お客様の利益には「レベル感」があります。
営業パーソンは、お客様のレベルに合わせて、提案のしかたを変えなければなりません。
たとえば、「車がほしい」という方がいたとき、「どんな車がほしいのか」には、レベル感があります。
「高級輸入車がほしい人」と「国産軽自動車がほしい人」では、レベル感は違います。営業パーソンは、「自分が売りたい商品・サービス」を提案するのではなく、お客様が求める利益のレベルに見合った提案をするのが仕事です。

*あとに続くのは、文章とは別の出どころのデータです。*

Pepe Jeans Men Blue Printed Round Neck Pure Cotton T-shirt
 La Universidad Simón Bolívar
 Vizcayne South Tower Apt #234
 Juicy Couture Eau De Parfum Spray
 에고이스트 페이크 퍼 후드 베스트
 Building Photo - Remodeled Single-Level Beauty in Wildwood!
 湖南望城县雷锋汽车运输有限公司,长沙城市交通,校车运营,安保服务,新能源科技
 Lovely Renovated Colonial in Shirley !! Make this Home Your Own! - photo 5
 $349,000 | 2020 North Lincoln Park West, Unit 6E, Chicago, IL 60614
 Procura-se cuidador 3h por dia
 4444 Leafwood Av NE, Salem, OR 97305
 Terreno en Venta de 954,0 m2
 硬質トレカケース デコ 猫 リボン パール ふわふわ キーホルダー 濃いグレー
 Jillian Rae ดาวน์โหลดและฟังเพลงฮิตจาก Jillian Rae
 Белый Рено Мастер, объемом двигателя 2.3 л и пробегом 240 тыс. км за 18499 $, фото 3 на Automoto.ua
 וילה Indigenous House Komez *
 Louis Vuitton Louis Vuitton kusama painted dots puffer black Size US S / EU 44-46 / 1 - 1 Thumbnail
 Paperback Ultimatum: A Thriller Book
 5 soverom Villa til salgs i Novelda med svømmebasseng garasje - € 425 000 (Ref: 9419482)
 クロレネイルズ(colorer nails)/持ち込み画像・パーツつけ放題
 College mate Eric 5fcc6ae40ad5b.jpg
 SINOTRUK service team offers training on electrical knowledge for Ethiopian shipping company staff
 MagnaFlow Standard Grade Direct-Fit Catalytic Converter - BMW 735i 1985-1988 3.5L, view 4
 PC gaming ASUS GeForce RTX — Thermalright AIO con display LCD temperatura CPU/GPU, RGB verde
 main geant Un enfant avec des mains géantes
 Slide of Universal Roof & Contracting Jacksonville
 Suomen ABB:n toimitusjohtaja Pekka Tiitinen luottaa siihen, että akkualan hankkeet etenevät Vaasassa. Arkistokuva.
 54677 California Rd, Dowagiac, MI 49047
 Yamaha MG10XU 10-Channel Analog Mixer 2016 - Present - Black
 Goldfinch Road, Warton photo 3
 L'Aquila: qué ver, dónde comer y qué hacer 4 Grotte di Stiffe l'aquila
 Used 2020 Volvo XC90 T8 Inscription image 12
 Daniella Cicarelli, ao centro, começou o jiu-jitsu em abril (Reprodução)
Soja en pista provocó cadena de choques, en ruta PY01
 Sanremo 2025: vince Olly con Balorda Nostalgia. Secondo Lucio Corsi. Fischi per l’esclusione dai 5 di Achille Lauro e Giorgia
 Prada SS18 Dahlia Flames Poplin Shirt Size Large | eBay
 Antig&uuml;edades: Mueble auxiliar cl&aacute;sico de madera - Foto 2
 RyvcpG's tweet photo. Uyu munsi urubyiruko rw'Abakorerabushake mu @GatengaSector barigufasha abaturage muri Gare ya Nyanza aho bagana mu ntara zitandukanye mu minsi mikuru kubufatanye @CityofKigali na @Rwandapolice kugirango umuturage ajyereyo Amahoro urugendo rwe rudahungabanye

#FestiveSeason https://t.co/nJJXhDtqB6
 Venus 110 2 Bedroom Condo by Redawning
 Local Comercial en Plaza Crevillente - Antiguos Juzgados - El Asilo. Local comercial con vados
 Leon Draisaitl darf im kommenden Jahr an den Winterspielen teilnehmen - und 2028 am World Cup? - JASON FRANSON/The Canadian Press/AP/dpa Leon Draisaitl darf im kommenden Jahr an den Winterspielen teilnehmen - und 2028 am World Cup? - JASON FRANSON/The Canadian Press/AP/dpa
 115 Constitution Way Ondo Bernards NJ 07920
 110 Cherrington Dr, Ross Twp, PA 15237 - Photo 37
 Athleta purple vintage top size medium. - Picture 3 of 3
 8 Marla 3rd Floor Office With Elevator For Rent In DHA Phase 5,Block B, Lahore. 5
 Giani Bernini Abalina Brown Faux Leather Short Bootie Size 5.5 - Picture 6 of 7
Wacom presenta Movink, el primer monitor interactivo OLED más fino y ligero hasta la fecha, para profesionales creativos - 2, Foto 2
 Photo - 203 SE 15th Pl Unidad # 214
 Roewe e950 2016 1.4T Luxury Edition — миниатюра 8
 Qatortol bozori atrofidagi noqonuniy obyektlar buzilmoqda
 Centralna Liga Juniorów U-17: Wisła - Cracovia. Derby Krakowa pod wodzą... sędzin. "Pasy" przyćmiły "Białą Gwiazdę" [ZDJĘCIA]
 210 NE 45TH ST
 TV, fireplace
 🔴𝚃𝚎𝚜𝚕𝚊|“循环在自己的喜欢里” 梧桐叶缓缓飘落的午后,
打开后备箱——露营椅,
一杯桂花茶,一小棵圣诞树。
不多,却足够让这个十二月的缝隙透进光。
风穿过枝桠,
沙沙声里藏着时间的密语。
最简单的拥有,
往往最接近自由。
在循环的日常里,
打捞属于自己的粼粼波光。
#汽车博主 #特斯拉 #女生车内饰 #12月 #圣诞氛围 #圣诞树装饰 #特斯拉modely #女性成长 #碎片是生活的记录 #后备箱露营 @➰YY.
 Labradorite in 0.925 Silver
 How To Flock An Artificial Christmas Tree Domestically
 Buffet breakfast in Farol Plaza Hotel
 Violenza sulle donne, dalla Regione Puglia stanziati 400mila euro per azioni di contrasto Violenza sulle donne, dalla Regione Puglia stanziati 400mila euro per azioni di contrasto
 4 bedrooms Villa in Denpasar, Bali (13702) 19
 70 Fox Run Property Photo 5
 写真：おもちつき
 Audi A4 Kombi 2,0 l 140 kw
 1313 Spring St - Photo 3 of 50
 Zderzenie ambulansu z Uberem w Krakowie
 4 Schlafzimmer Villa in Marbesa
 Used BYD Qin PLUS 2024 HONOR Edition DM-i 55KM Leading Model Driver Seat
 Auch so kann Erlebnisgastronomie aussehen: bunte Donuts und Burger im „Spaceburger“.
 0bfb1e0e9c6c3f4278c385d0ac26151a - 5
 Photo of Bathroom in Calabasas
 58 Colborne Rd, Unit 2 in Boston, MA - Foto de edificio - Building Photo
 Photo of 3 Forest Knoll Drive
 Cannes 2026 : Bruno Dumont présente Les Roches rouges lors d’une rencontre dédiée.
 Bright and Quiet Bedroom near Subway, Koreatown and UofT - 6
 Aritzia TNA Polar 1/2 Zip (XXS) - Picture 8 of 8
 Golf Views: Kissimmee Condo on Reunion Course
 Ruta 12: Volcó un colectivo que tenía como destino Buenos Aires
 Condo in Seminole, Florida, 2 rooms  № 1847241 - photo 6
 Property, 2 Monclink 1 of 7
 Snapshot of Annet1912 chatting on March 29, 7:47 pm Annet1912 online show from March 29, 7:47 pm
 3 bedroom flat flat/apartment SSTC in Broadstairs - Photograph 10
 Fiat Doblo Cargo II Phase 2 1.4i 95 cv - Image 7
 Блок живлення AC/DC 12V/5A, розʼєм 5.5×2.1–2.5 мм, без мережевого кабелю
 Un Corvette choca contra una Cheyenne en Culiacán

営業パーソンは、自社の商品やサービスを売り込む存在ではありません。
お客様の課題を引き出し、それを解決するための方法を一緒に考えるパートナーです。
営業で大事なことは、「お客様の利益」を探って、購買行動を起こさせることです。
そのためには、営業として信頼されるには、お客様のニーズや課題を引き出し、それを解決することで得られるメリット(=相手が得られる利益)を相手に明確に伝える必要があります。
正当な対価
正当な対価とは、提供する価値に対する「適切な報酬」のことです。
営業活動では、シェア確保やノルマ達成のために、安易な値引きをすることがあります。しかし「正当な対価」を受け取らなければ、会社に残るはずの利益(粗利益)がこぼれ落ちてしまいます。
提案から納品、報酬(正当な対価)の受け取りまでが営業の仕事です。
営業活動を的確に、明確に行なうためには、「お客様とは誰か」「利益とは何か」「正当な対価とは何か(対価を正しく回収できているか)」を知ることが大切です。
一般的に、営業活動とは、「お客様を説得したり、お客様と交渉したりすること」、つまり「売り込むこと」だと思われがちです。
しかし、営業活動でもっとも重要なのは、「お客様を探し出し、そのお客様の『利益』(何を求めているのか、どのような課題を解決したいと思っているのか)を見つけ出すプロセス」なのです。